Iron Age gold neckband discovered byman with metal detector goes on display at British Museum

November 20, 2008

England (ChattahBox) — Metal detector enthusiast Maurice Richardson’s 40 years of persistance, braving all weathers to scour the countryside dreaming of buried treasure, finally paid off (big time).

But when the big moment came the 59-year-old almost ignored an unpromising-sounding beep as he searched for debris from a wartime air crash while being pelted with rain.

‘I got the signal, but it was raining quite hard and I thought it was not going to be worth it,” he said yesterday. ‘However, it played on my mind, so I started to dig.

‘It was about two foot four inches down and when I got within four inches I decided to use my hand. I got down on my stomach and started scraping the soil away and it was then I saw what it was.

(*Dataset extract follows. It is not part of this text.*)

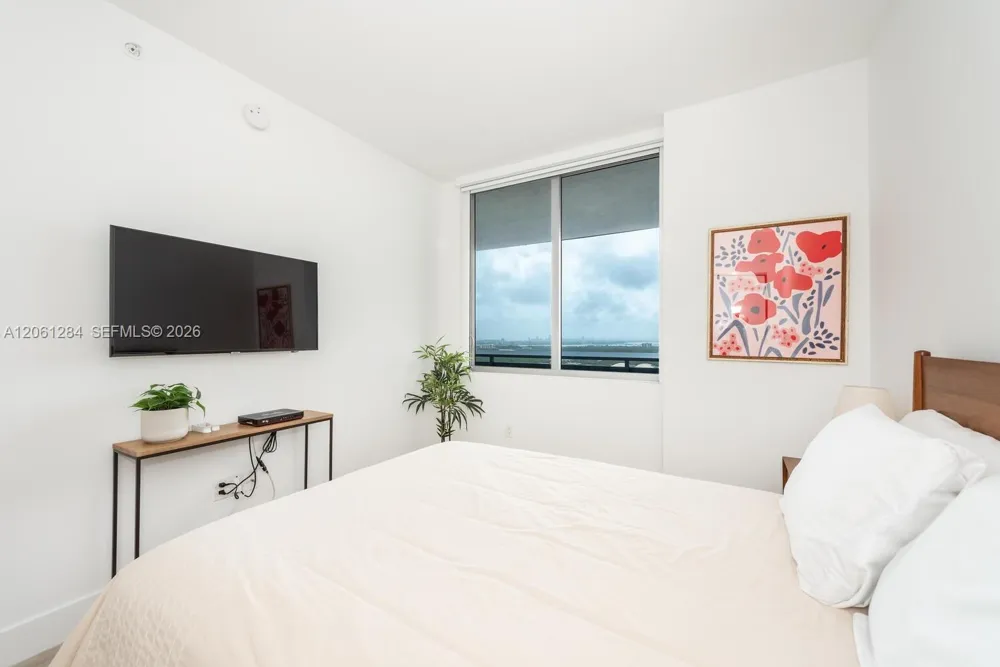 16385 Biscayne Blvd #2904 North Miami Beach, FL 33160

‘You look and look for things like this and you read about other people finding them, but it never happens to you.

‘It’s a wonderful feeling and just shows that anyone can do it. It’s not about the money, but the fact that it has been saved for the nation.

‘It’s 2,000 years in the ground and it is unique. What are the chances of walking acres of field and passing over it? The odds are astronomical.’

However he is glad his curiosity got the better of him after his persistence in digging through more than two feet of Nottinghamshire mud yielded a stunning 2,000-year-old gold treasure. The collar found by Mr Richardson in a secret location near Newark in February 2005 was probably buried as an offering in about 75BC, more than a century before the Roman conquest.

Now the artifact, an Iron Age torc, has been sold for a mammoth $525,000, and yesterday it was unveiled at the British Museum as the most valuable discovery in recent times.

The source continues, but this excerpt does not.